То есть в рамках собственно культурной работы, предусмотренной в «Концепции...», решить проблему сокращения конфликтного поля национальных отношений в современной России невозможно. Чтобы решать вопросы не только регулирования существующих, но и создания новых межнациональных отношений, конструирования межнационального мира и межнационального единства, такая политика должна:

— формировать и формулировать идейно-политическую концепцию, осуществляемую властью в целом, иметь возможность уточнения формулировок общих задач, стоящих перед страной, – поскольку без них нельзя обеспечить общего интеграционно-смыслового пространства, способного перекрыть разность культур и бытовых привычек различных групп;
— осуществлять постановку задач промышленно-экономического развития тех или иных регионов перед ведомствами экономического блока, причём при наличии рычагов для воздействия на практическое осуществление этих задач;

— обладать возможностью контролировать и регулировать миграционные потоки, вплоть до выделения зон разрешённой миграции и обеспечения условий проживания в них (в частности – строительства жилья и культурных объектов для мигрантов);

— контролировать распределение рабочих мест в том или ином регионе, обеспечивать в нем этническую структуру занятости;

— Пятое: определять и корректировать обеспечение культурной интеграции на местах, включая строительство школ для мигрантов, выделение мест для их обучения в общих школах, контроль этнической структуры классов, не допускающей конфликтность и обеспечивающей интеграцию инокультурных учащихся в общее культурно-бытовое поле, обучение их языку, доминирующему в данной местности.

Таким образом, для проведения последовательной и эффективной политики регулирования межнациональных отношений нужна куда более многопрофильная и многополномочная деятельность, чем деятельность только воспитательно-просветительского характера. И решение всех этих вопросов, обеспечение вопросов межнационального и межнационально-интеграционного согласия и развития — много больше, чем вопрос воспитания и юридического равноправия. Это вопрос экономической, социальной и смысловой политической стратегии.

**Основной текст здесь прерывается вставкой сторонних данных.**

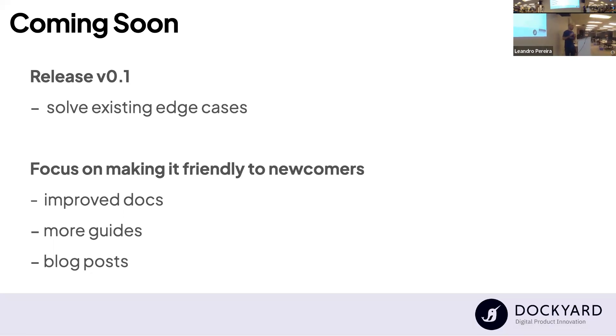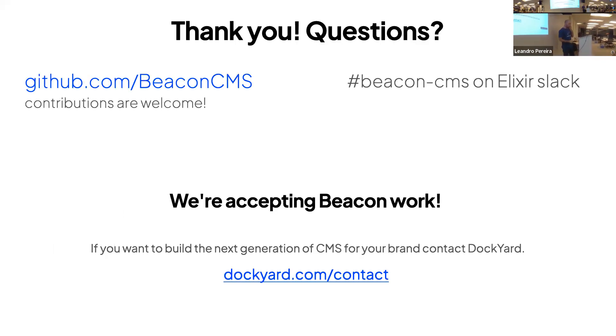We are still working on some edge cases before we can release the first stable version of Beacon, because we want to avoid breaking changes. It should be soon. We are also working to make it more friendly to newcomers. If you want to know more, I recommend going to the Beacon CMS organization on GitHub or the Beacon CMS channel on the Elixir Slack — we are always present there so you can ask questions. We are also accepting work, integrations, and services around Beacon and Dockyard. Thanks so much.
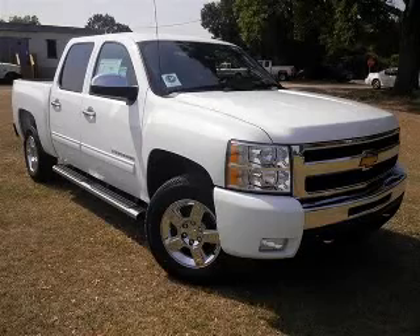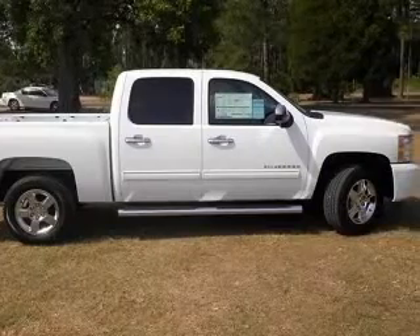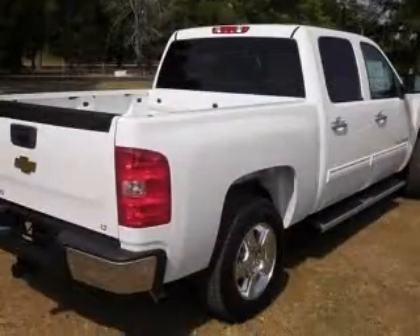We are proud to present this excellent new 2011 Chevrolet Silverado 1500. This Silverado 1500 has a 5.3L V8 engine and an automatic transmission.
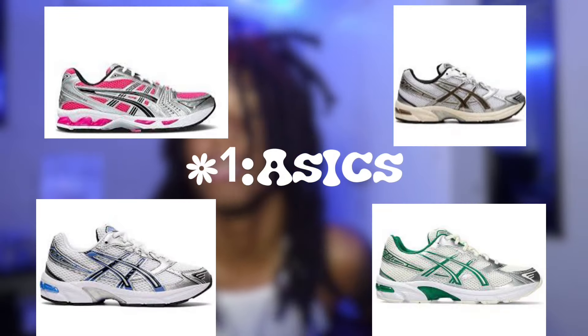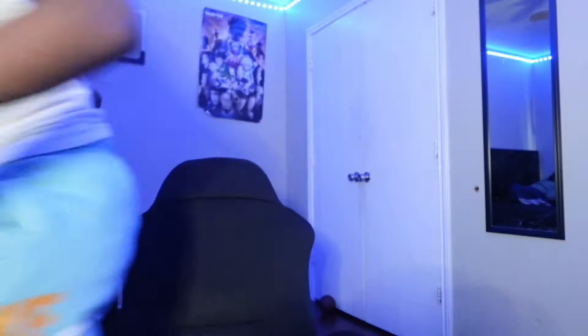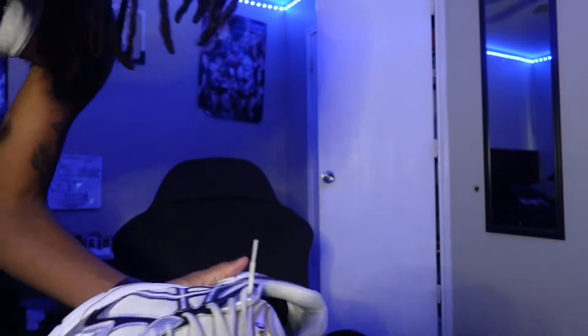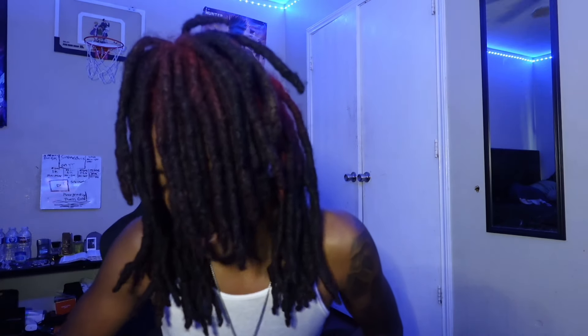First shoe is some Asics. I got some Asics myself and I can say these are comfortable. They used to be looked at as dad shoes until they got popular on TikTok, but I've always been rocking with them. The ones I got are the Asics 2160. The most popular ones are the 1130s — I'm gonna put them on screen. Everybody mostly gets them. They comfortable, they look good, they go with a lot of stuff. If you know how to dress it, you can put a cool fit together with some Asics.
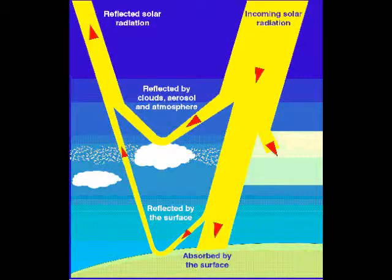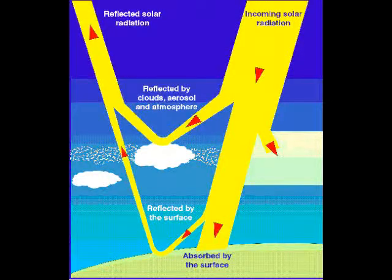Aerosol particles are an important part of the climate system because they reflect solar radiation back to space. So the planet absorbs less solar radiation than it would otherwise because of these particles in the atmosphere.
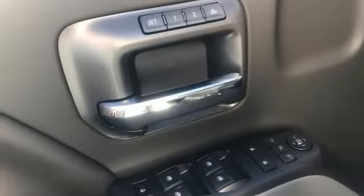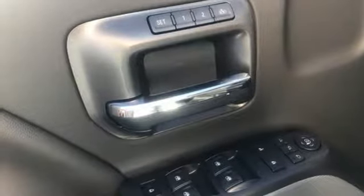Turbo V8 engine, trailer brake controller, electronic shift on the fly, and automatic transmission.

И, возможно, самое важное, что должна решить политика в этой сфере, — это дать ответ на вопрос, почему все эти разные нации должны жить вместе. Причём не получится свести к ответу: «Потому что мы всегда жили вместе», на это можно возразить, что если так было до сих пор — еще не значит, что так должно быть всегда.

Ответ должен быть дан на уровне не в формате «потому что», а в формате «для того, чтобы». Концепция национальной политики должна, опираясь на прошлое, апеллировать к будущему.

Сохранять память — да, но прежде всего, ставить и формулировать новые цели.

Разность и многообразие преодолеваются не навязыванием единообразия — они преодолеваются решением общих проблем и задач. Общими действиями и общими целями в рамках общего проекта, открытого для других общностей, — так, как был открыт в нашей истории советский проект.

Восстановление общей национальной самоидентификации возможно, но оно требует признания реальности общих проблем и общих целей.

Перед Россией сегодня стоят следующие задачи:

— вернуть утраченное в результате катастрофы последнего тридцатилетия;

— стать лучшими в мире: создать лучшее производство, лучшее искусство, лучшие социальные отношения, лучшую науку, лучшее образование, лучшую медицину. Утвердить в качестве ментальной задачи – быть лучшими во всех сферах жизни;

— дать идеологический и силовой отпор тем силам и группам в мире, которые по-прежнему стремятся к расчленению государства и несут вину за постигшую Россию и мир катастрофу.

А в результате этих усилий — принять вызов глобализма и победить, предложив всему человечеству новое справедливое устройство мира.